The book was written by C. F. von Weizsacker, a German nuclear physicist. Von Weizsacker was the first to identify nuclear reactions as the energy source for the sun and stars, so he was no slouch when it came to science. The first three-quarters of The History of Nature is a good review of what humankind had learned about Earth and the cosmos by 1949. But this heavyweight scientist wasn’t much of a philosopher, as the last quarter of the book clearly illustrates.
This comes as no surprise. Few heavyweight scientists are heavyweight philosophers, as well. In this age of specialization, we don’t even expect it. As C. P. Snow pointed out a half century ago, science and the humanities have developed into two separate cultures. Therein lies the problem. The more we compartmentalize knowledge, the harder it is for any of us to see the big picture. I give von Weizsacker credit for attempting, at least, to bring all knowledge together in a synoptic view of things. Most thinkers don’t even try.
That said, what struck me about von Weizsacker’s worldview was the inconsistency of it. “Body and soul are not two substances but one,” he states outright, suggesting a worldview one that would expect from a Platonic thinker, a Rationalist from the Enlightenment, or a Buddhist. Then he blathered on about the rise of free thought over instinct, good and evil, and the virtues of the Christian love, as if this kind of dualism wasn’t at odds with his original body/soul statement.

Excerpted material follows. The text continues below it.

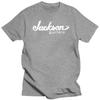 JACKSON Guitars Logo T-Shirt Schwarz Rockgitarrist Metal Band Kurzarm Baumwolle T-Shirts Herren Kleidung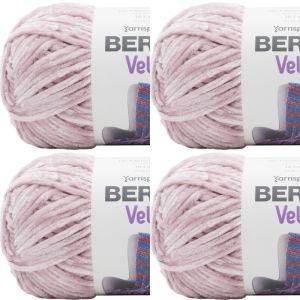 Spinrite Bernat Velvet Yarn Smokey Violet 1 Pack of 4 Skein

Fuzzy thinking at best.
As I finished this book, it suddenly occurred to me that Humanism, preached by religious and secular thinkers alike in the middle of the 20th Century, is now antiquated. The contradictions of it have simply become too glaring. That we, Homo sapiens, are qualitatively different from the rest of nature is something any informed person living today must find very hard to swallow. What basis is there in science for this kind of thinking? At what point did we abandon our animal selves? When exactly did we divorce nature and become human – when we turned to agriculture and started building towns, or when we started burying our dead and painting on cave walls? How about when we fashioned the first tool? When Lucy walked upright across the savanna, was that the beginning our separation?
No, I don’t see it. I don’t see human nature apart from Nature. Nor do I see human progress as the gradual removal of our selves from the physical environment. Certainly, our ability to think abstractly – to love, hate and reason – is an integral part of our humanity, but so is eating, sleeping, dreaming, bleeding and sex, to name but a few of our more down-to-earth attributes.
If we are serious about being fully human, then we must cultivate our affinity with wild nature instead of alienating ourselves from it. Besides, the wild is as much within us as it is out there. Like all things in nature, we are evolving, but the words “progress” and “human” do not go together very well. For better or worse, a human being will always be an animal to some extent. And I for one revel in that fact.